Speaker wants to dispel myths about Dr. King
January 17, 2010
HEIDELBERG, Germany — He travels with books by Albert Camus and S∅ren Kierkegaard, but sometimes speaks in tongues.
He got his African name from Stokely Carmichael, who coined the term "Black Power" and was among his teachers.
He’s studied theology, existential philosophy, preaching and poverty, and wrote a book about hip-hop culture. And before he was 35, he went toe to toe with Fox News commentator Bill O’Reilly.
"I won," said the Rev. Osagyfo Uhuru Sekou.
Meet this year’s Heidelberg keynote speaker on the life and legacy of Martin Luther King Jr.
Sekou will be discussing King on Saturday at the annual King commemoration sponsored by the Rhein-Neckar Branch of the National Association for the Advancement of Colored People and the German-American Institute. The program, which starts at 6 p.m. at the Providence Church, Hauptstrasse 90a, is free and open to the public. Martin Luther King Jr. Day is Monday.
Sekou said his intent will be to "dispel some of the myths around King and lay forth how we measure up against who he was and who he called us to be."
"This idea that everybody loved him is just untrue, and that everybody over 40 marched with him; it’s just untrue," Sekou said. "It was just a few folks.… The prophetic are few."
This will be the 24th year the King commemoration has been held in Heidelberg, and it typically includes a sizeable U.S. Army presence. Last year, the garrison sergeant major performed an interpretive dance during the program. This year a choir from Patrick Henry Village will perform.
Sekou, 39, and the head pastor of a Congregationalist church in Queens, N.Y., is a pacifist. He argues that the cost of the Iraq war is reflected in the devastation of Hurricane Katrina in New Orleans because it took money and attention away from the recovery effort.
He spent six months there, post-hurricane, organizing a group for workers’ rights.

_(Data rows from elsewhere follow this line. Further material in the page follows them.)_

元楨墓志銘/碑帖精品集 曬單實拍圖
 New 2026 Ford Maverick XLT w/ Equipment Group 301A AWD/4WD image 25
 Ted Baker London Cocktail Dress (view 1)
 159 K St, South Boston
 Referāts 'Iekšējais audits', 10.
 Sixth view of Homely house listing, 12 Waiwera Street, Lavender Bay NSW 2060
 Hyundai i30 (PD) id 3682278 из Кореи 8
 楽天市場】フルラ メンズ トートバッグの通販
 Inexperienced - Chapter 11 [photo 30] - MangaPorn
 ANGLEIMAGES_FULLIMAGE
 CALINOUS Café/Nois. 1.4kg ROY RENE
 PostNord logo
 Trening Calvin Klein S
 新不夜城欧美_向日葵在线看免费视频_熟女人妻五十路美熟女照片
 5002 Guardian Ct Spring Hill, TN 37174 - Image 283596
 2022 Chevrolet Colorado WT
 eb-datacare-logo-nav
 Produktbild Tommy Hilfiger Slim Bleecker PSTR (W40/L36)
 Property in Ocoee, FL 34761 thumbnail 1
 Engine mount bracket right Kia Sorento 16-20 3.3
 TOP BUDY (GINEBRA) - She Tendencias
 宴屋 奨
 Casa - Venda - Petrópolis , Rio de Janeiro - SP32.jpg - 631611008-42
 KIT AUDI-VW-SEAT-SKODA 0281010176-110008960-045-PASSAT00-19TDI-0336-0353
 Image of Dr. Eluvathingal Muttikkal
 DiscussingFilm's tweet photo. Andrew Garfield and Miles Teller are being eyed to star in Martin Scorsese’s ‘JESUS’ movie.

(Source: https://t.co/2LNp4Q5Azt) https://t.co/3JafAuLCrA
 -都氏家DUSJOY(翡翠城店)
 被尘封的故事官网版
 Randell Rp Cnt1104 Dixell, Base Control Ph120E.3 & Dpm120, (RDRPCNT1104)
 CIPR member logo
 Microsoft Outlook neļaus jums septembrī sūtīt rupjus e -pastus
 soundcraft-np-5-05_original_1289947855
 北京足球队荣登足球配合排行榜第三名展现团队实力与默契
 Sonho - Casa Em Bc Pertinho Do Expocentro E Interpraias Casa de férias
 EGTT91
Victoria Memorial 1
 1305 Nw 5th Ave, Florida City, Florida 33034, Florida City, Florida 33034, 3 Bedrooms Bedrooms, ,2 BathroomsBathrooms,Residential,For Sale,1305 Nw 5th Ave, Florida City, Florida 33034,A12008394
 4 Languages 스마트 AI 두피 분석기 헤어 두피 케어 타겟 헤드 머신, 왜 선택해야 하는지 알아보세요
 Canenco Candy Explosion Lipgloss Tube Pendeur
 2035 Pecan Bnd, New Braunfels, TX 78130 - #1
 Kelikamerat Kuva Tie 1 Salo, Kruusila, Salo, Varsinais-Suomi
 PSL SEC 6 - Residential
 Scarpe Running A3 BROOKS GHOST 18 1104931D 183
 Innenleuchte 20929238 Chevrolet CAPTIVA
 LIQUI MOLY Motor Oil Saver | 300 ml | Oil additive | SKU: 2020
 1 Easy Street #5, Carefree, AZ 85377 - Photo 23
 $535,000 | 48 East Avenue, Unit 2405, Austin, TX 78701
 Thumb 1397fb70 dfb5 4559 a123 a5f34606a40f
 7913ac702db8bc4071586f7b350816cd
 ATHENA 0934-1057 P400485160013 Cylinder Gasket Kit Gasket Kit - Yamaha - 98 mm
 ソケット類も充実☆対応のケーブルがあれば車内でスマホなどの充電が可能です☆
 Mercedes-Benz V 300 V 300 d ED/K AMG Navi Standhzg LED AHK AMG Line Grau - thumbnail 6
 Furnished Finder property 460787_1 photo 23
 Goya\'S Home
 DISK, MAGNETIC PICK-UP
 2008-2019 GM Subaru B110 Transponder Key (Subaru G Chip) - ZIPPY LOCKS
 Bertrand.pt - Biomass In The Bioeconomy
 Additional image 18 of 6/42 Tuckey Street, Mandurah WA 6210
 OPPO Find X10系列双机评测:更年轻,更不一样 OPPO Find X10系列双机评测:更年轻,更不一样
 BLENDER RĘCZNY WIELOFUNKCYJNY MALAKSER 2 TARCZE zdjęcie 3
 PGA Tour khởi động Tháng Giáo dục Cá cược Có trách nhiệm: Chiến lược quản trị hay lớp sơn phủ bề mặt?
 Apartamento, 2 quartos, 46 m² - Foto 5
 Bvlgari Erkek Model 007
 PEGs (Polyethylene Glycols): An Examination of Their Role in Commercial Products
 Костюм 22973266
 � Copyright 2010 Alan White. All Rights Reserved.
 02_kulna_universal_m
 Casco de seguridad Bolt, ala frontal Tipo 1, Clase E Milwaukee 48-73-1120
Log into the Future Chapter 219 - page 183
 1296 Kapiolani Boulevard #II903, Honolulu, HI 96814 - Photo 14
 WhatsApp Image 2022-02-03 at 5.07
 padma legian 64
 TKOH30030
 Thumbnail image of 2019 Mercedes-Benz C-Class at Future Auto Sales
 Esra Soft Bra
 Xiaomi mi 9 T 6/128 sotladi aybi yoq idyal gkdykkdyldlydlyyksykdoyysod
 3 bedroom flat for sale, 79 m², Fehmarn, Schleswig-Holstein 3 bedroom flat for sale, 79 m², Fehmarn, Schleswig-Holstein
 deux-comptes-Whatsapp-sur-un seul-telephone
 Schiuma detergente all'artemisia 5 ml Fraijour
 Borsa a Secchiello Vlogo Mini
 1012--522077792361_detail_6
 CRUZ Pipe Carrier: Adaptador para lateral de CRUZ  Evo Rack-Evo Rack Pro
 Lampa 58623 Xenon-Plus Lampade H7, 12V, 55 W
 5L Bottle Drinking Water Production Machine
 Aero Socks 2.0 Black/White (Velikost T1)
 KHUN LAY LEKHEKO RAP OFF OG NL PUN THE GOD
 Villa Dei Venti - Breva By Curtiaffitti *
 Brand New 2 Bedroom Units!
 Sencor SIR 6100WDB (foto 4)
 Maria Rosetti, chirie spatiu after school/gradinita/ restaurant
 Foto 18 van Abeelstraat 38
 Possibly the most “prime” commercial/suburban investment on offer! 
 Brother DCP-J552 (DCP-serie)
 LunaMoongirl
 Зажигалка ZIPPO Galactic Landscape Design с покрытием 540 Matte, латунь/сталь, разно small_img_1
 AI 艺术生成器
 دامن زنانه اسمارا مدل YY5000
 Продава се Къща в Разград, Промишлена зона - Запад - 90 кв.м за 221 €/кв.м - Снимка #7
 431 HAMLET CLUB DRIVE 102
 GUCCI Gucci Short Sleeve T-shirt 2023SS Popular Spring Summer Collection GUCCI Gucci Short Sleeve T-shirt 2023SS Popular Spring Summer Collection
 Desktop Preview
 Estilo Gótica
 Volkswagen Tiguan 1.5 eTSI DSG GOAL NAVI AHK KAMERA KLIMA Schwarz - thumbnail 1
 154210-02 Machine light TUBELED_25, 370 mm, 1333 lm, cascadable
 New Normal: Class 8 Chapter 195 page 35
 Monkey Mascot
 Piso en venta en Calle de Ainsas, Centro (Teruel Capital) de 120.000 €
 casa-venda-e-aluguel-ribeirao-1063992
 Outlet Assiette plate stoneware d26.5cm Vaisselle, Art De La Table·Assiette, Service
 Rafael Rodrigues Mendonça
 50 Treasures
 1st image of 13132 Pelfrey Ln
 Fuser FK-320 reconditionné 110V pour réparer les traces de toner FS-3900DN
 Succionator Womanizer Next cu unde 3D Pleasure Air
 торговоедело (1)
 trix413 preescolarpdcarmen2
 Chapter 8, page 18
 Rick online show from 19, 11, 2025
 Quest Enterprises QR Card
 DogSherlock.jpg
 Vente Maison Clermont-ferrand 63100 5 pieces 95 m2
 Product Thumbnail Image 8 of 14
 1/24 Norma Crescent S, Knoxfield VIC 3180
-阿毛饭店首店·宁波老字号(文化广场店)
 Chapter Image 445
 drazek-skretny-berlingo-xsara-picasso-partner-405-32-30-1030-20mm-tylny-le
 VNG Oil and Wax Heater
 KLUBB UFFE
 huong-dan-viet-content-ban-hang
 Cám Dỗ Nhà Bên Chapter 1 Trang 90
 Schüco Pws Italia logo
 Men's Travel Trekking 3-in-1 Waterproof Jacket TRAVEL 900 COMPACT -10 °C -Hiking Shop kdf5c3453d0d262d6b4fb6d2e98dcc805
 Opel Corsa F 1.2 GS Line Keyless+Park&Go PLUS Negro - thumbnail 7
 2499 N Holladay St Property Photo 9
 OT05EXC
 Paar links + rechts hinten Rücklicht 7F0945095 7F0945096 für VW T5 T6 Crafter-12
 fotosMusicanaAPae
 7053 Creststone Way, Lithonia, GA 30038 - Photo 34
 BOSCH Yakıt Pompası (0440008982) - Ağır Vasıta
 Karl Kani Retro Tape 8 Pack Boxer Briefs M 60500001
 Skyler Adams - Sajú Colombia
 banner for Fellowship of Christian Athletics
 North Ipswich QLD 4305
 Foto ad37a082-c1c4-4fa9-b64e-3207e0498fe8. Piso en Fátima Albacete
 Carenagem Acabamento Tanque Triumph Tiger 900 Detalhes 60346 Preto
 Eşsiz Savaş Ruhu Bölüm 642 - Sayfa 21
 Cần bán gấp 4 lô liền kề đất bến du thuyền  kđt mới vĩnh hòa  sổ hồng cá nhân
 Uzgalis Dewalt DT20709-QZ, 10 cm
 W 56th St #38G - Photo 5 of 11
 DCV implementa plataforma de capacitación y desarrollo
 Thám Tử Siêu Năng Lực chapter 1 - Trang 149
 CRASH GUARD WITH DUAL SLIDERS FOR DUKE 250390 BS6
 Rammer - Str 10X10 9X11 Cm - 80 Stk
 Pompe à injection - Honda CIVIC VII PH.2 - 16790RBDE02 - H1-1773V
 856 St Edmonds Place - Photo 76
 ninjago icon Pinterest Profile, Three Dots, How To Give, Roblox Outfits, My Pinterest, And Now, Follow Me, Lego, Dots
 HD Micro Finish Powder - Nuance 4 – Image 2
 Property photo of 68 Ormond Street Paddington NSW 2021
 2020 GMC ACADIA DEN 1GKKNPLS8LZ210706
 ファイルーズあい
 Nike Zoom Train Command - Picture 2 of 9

"My standard of faithfulness has to do with the most vulnerable members of society," he said. "Who is catching hell, and how can I defend them?"
He calls himself a "radical democrat." A democrat, he said, is someone who works to make "civic institutions accountable to everyday people" and to fairly distribute resources.
Despite the federal holiday that honors King, the central role played by him in the nation’s history has been obscured in the four decades since his assassination, Sekou said.
"King is as important as George Washington and Abraham Lincoln in the founding of the democracy," Sekou said. "He’s the greatest democrat America ever produced. He called America a liar and demanded she be truthful."
Yet King’s dangerous, difficult and mostly unpaid work — which ushered in a new, post-Jim-Crow era in the South; expanded freedoms for all Americans; criticized capitalism for abandoning the poor and demanded withdrawal from Vietnam — has been reduced in popular memory, Sekou said.
Many black Americans, let alone whites, held unfavorable views of King in the 1960s, Sekou said, including former Secretary of State Condoleezza Rice’s father, who was a minister in Birmingham, Ala.
Now King is revered, but in a shallow way that ignores history, Sekou said.
"He’s been rendered in this way that he’s a kind of political Santa Claus who just wants you to pick up garbage in your neighborhood and paint over graffiti," Sekou said.
Sekou is also a third-generation Pentecostal minister. He was reared by his Arkansas grandparents, back when his name was Michael Braselman.
He met Carmichael, a black separatist and central figure in the civil rights movement, when Sekou studied at the Highlander Education and Research Center in Tennessee. Carmichael renamed him, Sekou said; his name translates to "Redeeming Freedom Fighter."
Sekou is also for abortion rights and is pro-gay marriage. "If religion doesn’t expand democracy, it shouldn’t have a place in the public discourse," he said.
He noted that one of King’s chief advisers was an openly gay man: Bayard Rustin, who studied with Gandhi and organized the 1963 March on Washington.
"The March on Washington ended 15 minutes ahead of schedule," Sekou said. "I figure only a gay black man could make that happen."